Brexit: passport to oblivion?


Grumbling on with much heat and very little clarity is the vexed question of "passporting", the name given for the system within the Single Market where financial institutions, once authorised in any Member State are free to establish branches and to provide cross-border services throughout the Community on the basis of the fundamental principle of home country supervision.

Established in 1993, it has since been extended to cover most financial services and contributes to the creation of the largest single free market in financial services anywhere in the world, giving London a significant advantage as a global financial centre.

Crucially, the passporting system has been extended to all EEA states, so that if the UK remained in the EEA, it would continue to enjoy passporting benefits. Third countries only enjoy limited rights, under what is known as "third country passporting" or "equivalency", and then only on the basis of a guarantee of reciprocity, permitting other EEA businesses equal access to the UK market.

However, with the UK government yet to commit itself to continued EEA membership, some major US banks, such as Goldman Sachs, Morgan Stanley and BlackRock are getting nervous. Their presence in the UK is as much to do with the access afforded to the EEA market and, without that guaranteed, they are thinking about having to relocate.

That much we are getting from The Sunday Telegraph which is breaking with recent tradition by actually running a news story in its pages, telling us that the bosses of several of America's biggest banks and corporations have warned Theresa May they will pre-emptively shift operations into Europe unless she can provide early clarity on the future shape of EU-UK relations.

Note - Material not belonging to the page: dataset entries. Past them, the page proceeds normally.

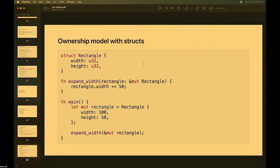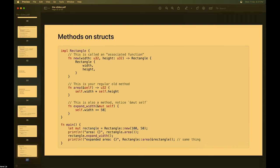To add methods to a struct, you use an `impl` block separate from the struct declaration. Associated functions (like constructors) don't take `self` — they're called with `Rectangle::new(width, height)`. Methods take `self` (or `&self` for immutable, `&mut self` for mutable) as the first parameter. For example, `fn area(&self) -> u32 { self.width * self.height }`. You call it as `rectangle.area()`, which is syntactic sugar for `Rectangle::area(&rectangle)`. If you take `self` (without `&`), you consume the rectangle and can't use it afterwards.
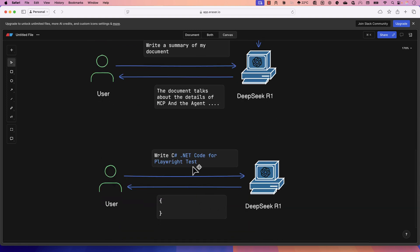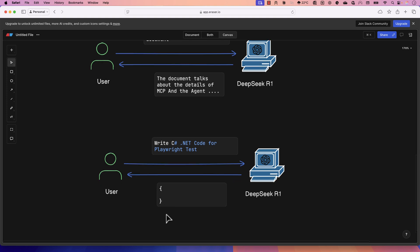What if you ask the model to write a C# .NET code for a Playwright test? DeepSeek gives you a code block, but when you try to run it in your IDE, it might not work. You then ask the LLM to fix the issue, and DeepSeek apologizes and provides new code. We can't always be 100% sure that code generated by a large language model is accurate, and that's why we must ensure the responses we get are correct — and that's when evaluation kicks in.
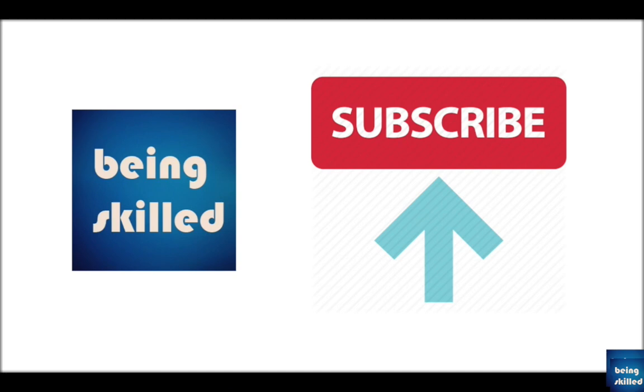Thanks a lot for watching our tutorial. If you liked it, please leave a comment and don't forget to subscribe to our channel.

The ultimatum, we are told, was delivered at a round-table meeting with Mrs May in New York this week attended by a host of key US investors, including major City investors such as Goldman Sachs, Morgan Stanley and BlackRock – conveyed after Mrs May had declined to provide information about how the British government would approach the Brexit negotiations.

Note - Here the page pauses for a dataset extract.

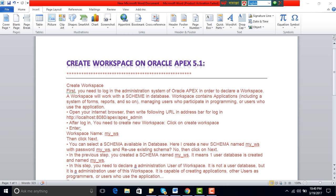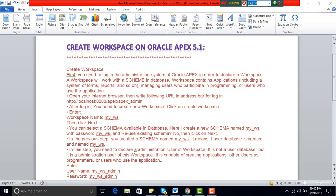Hey, I am Bajit. Today's tutorial is create workspace on Oracle Apex 5.1. First, you need to login to the administration system of Oracle Apex in order to declare a workspace. A workspace will work with a schema in database. Workspace contains applications including system of forms, reports, and so on, managing users who participate in programming or users who use the application.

This, of course, is extremely damaging to the "hard Brexit" advocates, who want to pull us out of the EU without a settled deal, impaled as they are on their rhetoric on free movement of persons. Unable to cope with the idea of the Article 112 EEA mechanism which gives them a workable solution to controlling the (relatively minor) problem of EEA migration.

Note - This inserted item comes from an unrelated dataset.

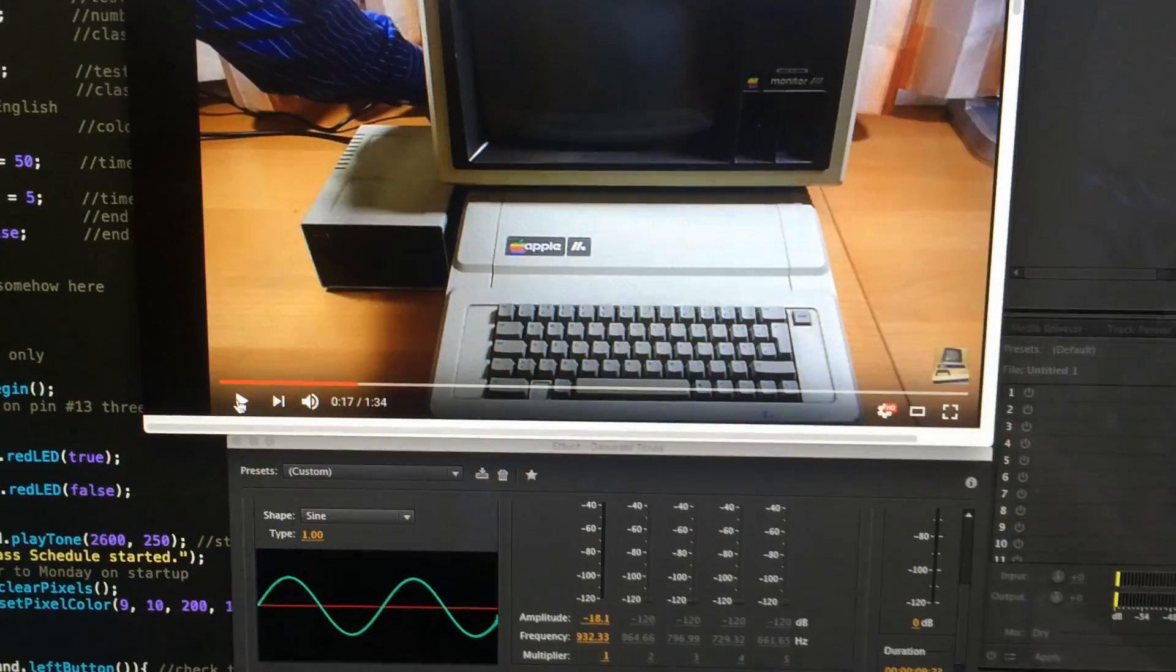Hey this is John Park for Adafruit. I am working on a circuit playground project today and I'm gonna try to get just the right startup sound for the beep when I turn it on so follow along.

As Booker pointed out last week, the EU/EEA contributes the smaller part of our overall immigration, and securing controls over this particular aspect is not going to make significant inroads into the problem.

Despite this, the "lunatic fringe" is determined to throw the baby out with the bathwater, damaging our vital interests in trade in financial services, and putting at risk anything from 40,000 to 80,000 jobs over the next decade.

Even if losses are exaggerated – and no-one knows what they will be – the prospect of big-name pulling out of London piles huge pressure on Mrs May to find a solution to Brexit, which reconciles controls over free movement of persons with continued participation in the EEA.

She could do no better than look here for a solution which is all the more stronger for having been rejected by the lunatic fringe.

As least there seems to be an air of realism in some quarters of Whitehall, with Chancellor Philip Hammond now cautioning banks that the retention of "passporting" is highly unlikely if Mrs May gives in to the crazies and dumps the Single Market.

With highly-paid consultants crawling over this issues, it is now about time they stopped churning out the same derivative boiler-plate, and started exploring that which is already known to readers, that the EEA Article 112 mechanism provides a perfectly adequate solution to the current impasse.

For the want of better intelligence, they are having to make do with the likes of Anthony Browne, chief executive of the British Bankers' Association, who has been calling for "transitional arrangements" to allow banks and other financial institutions to make plans to deal with the loss of passporting rights.

However, he - like others – is beginning to realise that even this will require an immense amount of good will on the part of the "colleagues, which may not be there when we come calling.

That much is acknowledged by professor Alan Winters, director of the UK Trade Policy Observatory, who concedes that financial services is "very complicated" and asking the EU to concede transitional arrangements is fixing one key piece of the negotiation before it has even started. Winters says: "We'd be asking them to give away one of their biggest pieces of leverage".

What no one on the politico-media nexus is doing at the moment, though, is joining up the dots. Financial services are but one sector which will be adversely affected by dumping the Single Market. And even if it is making the most noise at the moment, others can't be far behind.

Sooner rather than later, Mrs May is going to have to cut through the stupidity and ignorance and concede that the only option for a "transitional arrangement" is to stay in the EEA, ignoring the noisemakers. Otherwise, it isn't a blue passport she will be looking at, but a passport to oblivion as she faces the 2020 general election with the wreckage of what was once Brexit.